Posted By Katie Wongthipkongka On March 23, 2011 @ 7:10 am In Folk Beliefs,general,Magic | Comments Disabled

So like there are these small little demons in Indonesia that run around and like steal things. They’re not really humans – I forgot their name – I think it’s like Tukul. But like they’re really small, like half the size of a human. And people like raise them with Black magic and they steal money and things from other people for them. Then the people pay them blood in return. A lot of people I know have seen them. So they’re real. I haven’t seen any though, no. They are really common in the kampongs – the villages. They have red eyes and they’re really scary. They look like naked toddlers but they’re not.

Elizabeth admits that she believes in Black magic, and she believes that it is very frightening. She repeated her fear many times and emphasized the scariness of Black magic. However, she feels that if a person does not tamper with the subject, the person should not be harmed. She said that she learned most of her knowledge of Black magic when she was very young from her maids that raised her in Indonesia. She grew up with these dark notions and horror stories. She specifically mentioned that they were Muslim, which is common for maids in Indonesia. Also, she is convinced that all of her maids could “see stuff,” meaning they felt the lingering of spirits and knew when Black magic was present. When asked if she feels that Muslims tend to believe more in Black magic, she responded that she believes Asian cultures generally tend to believe in this type of matter and actually practice it more than Western cultures. According to Elizabeth, Western cultures are more modern and have an attitude and mindset that “I can do something about it,” while Asian cultures tend to be more spiritual, religious, and submissive. This causes Asian cultures to be more susceptible to belief in these types of subjects.

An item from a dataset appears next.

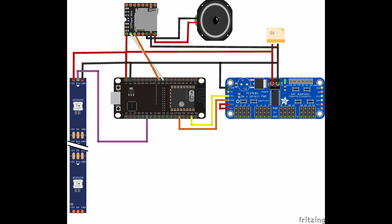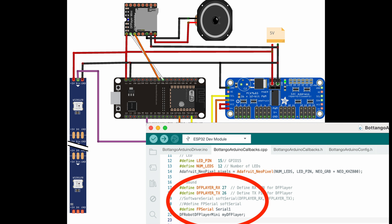For the DF player to work with our ESP we also have to do source code changes in Botango. These are a tiny little bit more complicated than the ones for the LED strip, but they should still not pose any big problem if you follow my instructions. The first thing we need to do is right at the top of the Botango Arduino callbacks.cpp file, where we have to change the definitions of DF player RX and DF player TX to reflect the pins that we are using to connect RX and TX of the DF player. Then we have to change the FP serial definition to not be soft serial anymore but serial 1. So you can either comment out the two lines starting with soft serial and hashtag define FP serial, or you can just delete them.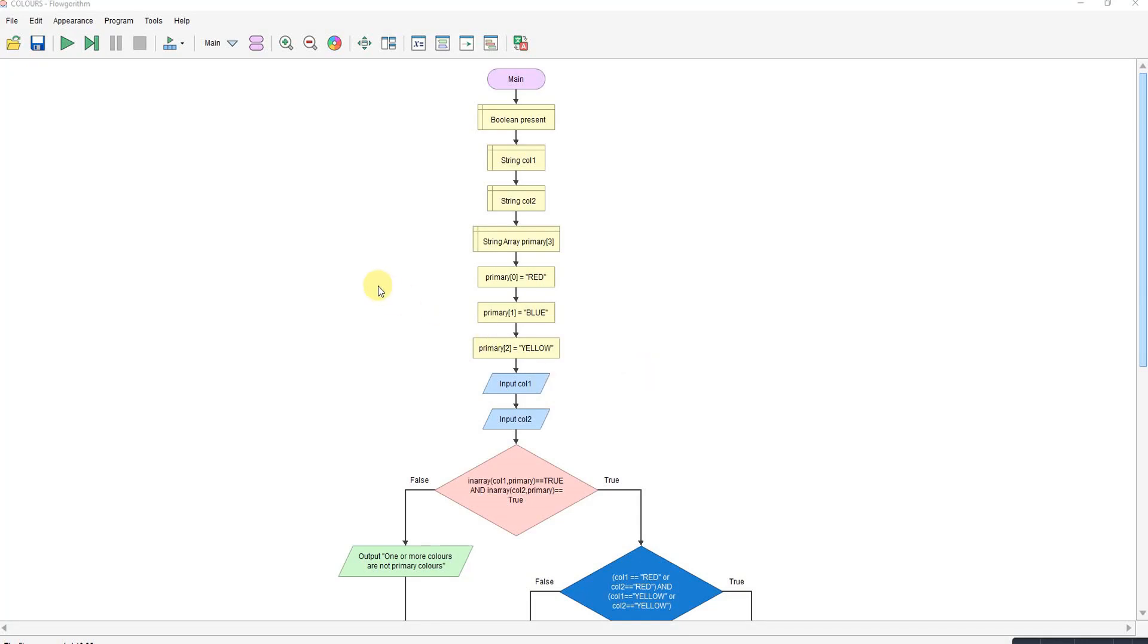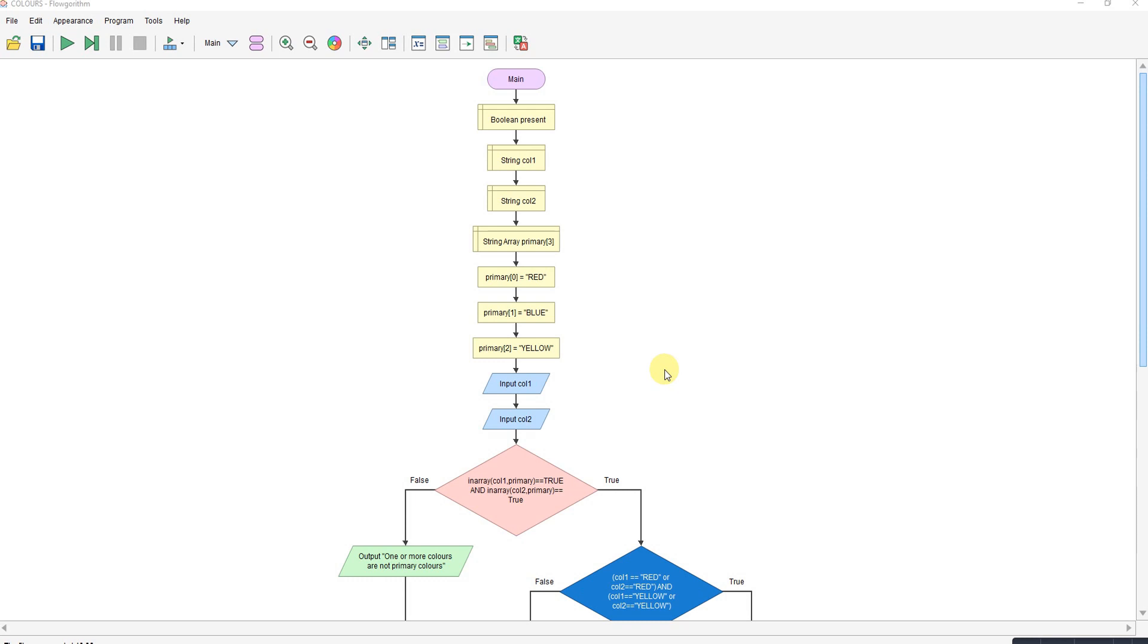I've talked a few times now about this program and so I thought I'd get around to uploading it. This is the colors program where they want you to enter some colors. It's got to check those colors are primary colors first, so red, blue, yellow. And if they are primary colors, then it tells you what the secondary color mix would be.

The belief in these demons that was expressed by Elizabeth resides in the realm of witchcraft and magic. It is considered magic because the people actually engage in actions. It can also be considered folk belief because the existence of these creatures has not been scientifically proven. Despite how widely and strongly this belief resonates within Indonesian culture, it is still a belief nonetheless. Yet, this belief greatly affects the mindset and everyday lives of the people.